What does it mean, then, to enliven these images with movement? Why do vaporwave visuals often find themselves in motion rather than static? When interpreting the motives for creating vaporwave art as attempts to recreate the physical experience that induces the nostalgic emotion, or at least, satisfy a learned utopian idealism, it can be ascribed that choosing animation as the medium to translate such desires is the most visceral way for those desires to become realised. Computer animation occupies its own type of materiality that flirts with the boundaries between spirituality and functionality, for its liveliness and mechanical construction respectively.[15]
Considering animation beyond the purely representational allows it to be a vessel for transmutation and fantasy, which vaporwave animation seeks to do by giving a vivid face to the abstract emotion of nostalgic ache, and visualising an idealised universe. The ability to transfer oneself into the universe, and recreate the experiential cues that induce nostalgia in real-time, is a way to travel back in time and satisfy the ultimate goal when it comes to nostalgia: to transform it from an emotional imprint from the past, into a liveable experience once again. Furthermore, the means of vaporwave’s community-based distribution on the internet plays into the utopia-centred content of the vaporwave animation, and the absence of individualistic artist identity encourages transmutation.

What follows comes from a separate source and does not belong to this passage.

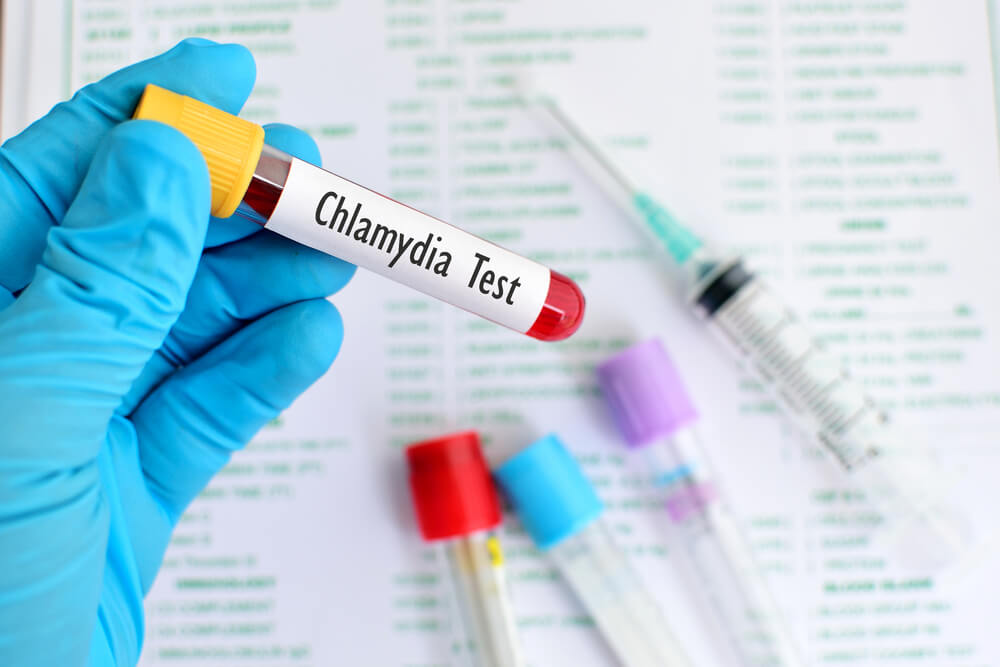 Blood Sample for Chlamydia Test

In fact, the current social media and video game cultures strengthen this urge to don the identities of those on the screen. The social media landscape, with its emphasis on profiles and shifting user interfaces, rendering it animated in its own right, and video games, which often employ avatars as part of their gameplay, have become absorbed into daily culture. In the post-internet age, culture does not exist separate of the internet and digital literacy, a boundary permanently broken by the explosion of the smartphone in the mid-2000’s.[16] When such transferences of identity onto digital avatars become normalised, it is not too difficult to imagine that digital natives could use the medium of the internet to wear the identity of an individual who could have experienced the cultural elements that inspired vaporwave. This is a therapeutic “memory play” that exacts “compensatory” nostalgia to replace memories that people may not necessarily have had,[17] which philosopher Brian Massumi deems “a paradoxical realm of potentiality in which intensities that cannot otherwise be experienced can be felt.”[18] The pro-sumption of vaporwave animation is simply a cognitive way to decode the source of digital natives’ anxieties by reliving the era’s positivities and affective spaces.

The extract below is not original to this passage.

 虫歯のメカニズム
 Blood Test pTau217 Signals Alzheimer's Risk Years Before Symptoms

1. Laura Glitsos, “Vaporwave, or Music Optimised for Abandoned Malls”, (Popular Music, Aug. 2017), 106.

2. Sharon Schembri and Jac Tichbon, “Digital Consumers as Cultural Curators: The Irony of Vaporwave”, (Arts and the Market, Feb. 2017), 200.

3. Jennifer Chan, “Notes on Post-internet”, (You Are Here: Art after the Internet, London: Home and Space, 2017), 114

4. Michael Connor, “Post-Internet: What It Is and What It Was”, (You Are Here: Art after the Internet. London: Home and Space, 2017), 57.

5. Elisavet Christou, and Mike Hazas, “Its Just the Internet! Appropriation in Post-Internet Art”, (Proceedings of the 8th International Conference on Digital Arts - ARTECH2017, 2017), 132.

6. Alican Koc, “Do You Want Vaporwave, or Do You Want the Truth?: Cognitive Mapping of Late Capitalist Affect in the Virtual Lifeworld of Vaporwave”, (Capacious: Journal for Emerging Affect Inquiry, 2016), 61.

7. Ibid., 61.

8. Adam Harper, "How Internet Music is Frying Your Brain", (Popular Music, 2017), 93.

9. Ibid., 95.

10. Koc, “Do You Want Vaporwave”, 63.

11. Ibid., 59.

12. Glitsos, “Vaporwave, Or Music Optimised for Abandoned Malls”, 103.

13. Schembri and Tichbon, “Digital Consumers a Cultural Curators”, 201.

14. Nick Douglas, “It’s Supposed to Look Like Shit: The Internet Ugly Aesthetic”, (Journal of Visual Culture, 2014), 315.

15. Kenny Chow Ka-nin, "The Spiritual—Functional Loop: Animation Redefined in the Digital Age", (Animation, 2009), 88.

16. Connor, “Post-Internet: What It Is and What It Was”, 61.

17. Glitsos, “Vaporwave, Or Music Optimised for Abandoned Malls”, 104.

18. Koc, “Do You Want Vaporwave”, 62.